Say I have network A and network B. I wish to SSH from network A to network B. Hence, I would set a route from network A to B, and in the stateful firewall, I will allow a rule for Network A to B at port 22. In this case, do I still need to create a rule to allow Network B to Network A on all ports, since there is TCP handshake? I believe we do not have to, since it's "stateful"? But how does it work?
In this case, do I still need to create a rule to allow Network B to Network A on all ports, since there is TCP handshake? But how does it work?
No, you do not need to do so because the traffic already took place in both directions. It is based on the stateful inspection principle (called also dynamic packet filtering) in which the stateful firewall not only relies on the rules set for it to function but is able to memorize information within dynamic state tables about the incoming and outgoing of the network packets.

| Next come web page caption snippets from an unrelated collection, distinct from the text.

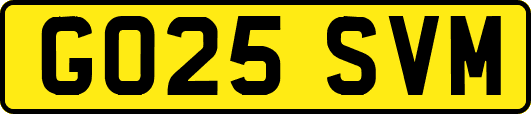 GO25SVM
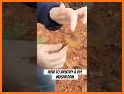 Mushroom Finder:  identification, wallpaper related image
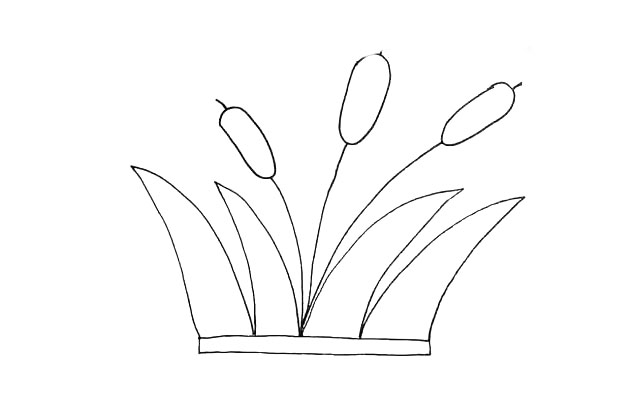 步骤6：同样的还有另外两朵漂亮的芦苇花。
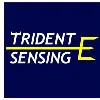 Trident Sensing Inc. Trident Sensing Inc.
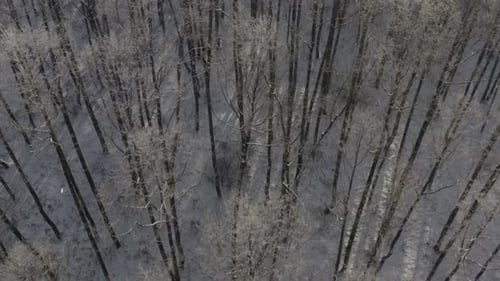 Beautiful Snowy White Forest In Winter Frosty Day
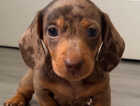 Puppy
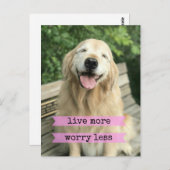 Lächeln Golden Retriever Hund leben mehr Sorgen we Postkarte (Vorne/Hinten)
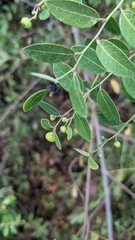 Phyllanthus reticulatus reticulatus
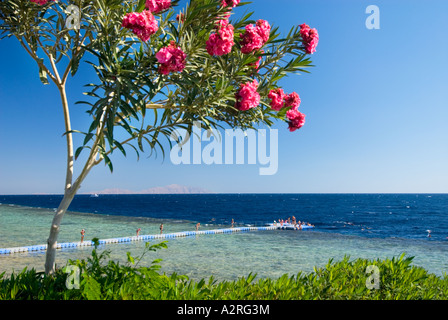 Piattaforma di nuoto subacqueo base HOUSEREEF house reef riff Sharm el Sheikh Egitto Om El Sid Plateau persone i turisti ospiti rosso verde Foto Stock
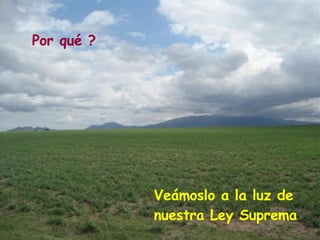 Por qué ? Veámoslo a la luz de nuestra Ley Suprema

Such information is the one hold by the header of the packet such as the destination, the source the protocol used and the port number in use. These information is used by the firewall to decide whether to allow or not pass a packet. It monitors the exchange of packets in both direction (A and B), opening holes in the firewall for each communications session on an as-needed basis , and then close the holes as soon as they're no longer needed for authorized traffic.
Note that this philosophy used by such firewall to function is not totally safe. Some attacks are done by triggering an internal host to generate a TCP packet that (thanks to the dynamic inspection principle used by the firewall) will change the firewall's internal state and enable an attacker to establish a TCP connection to a filtered port through the firewall.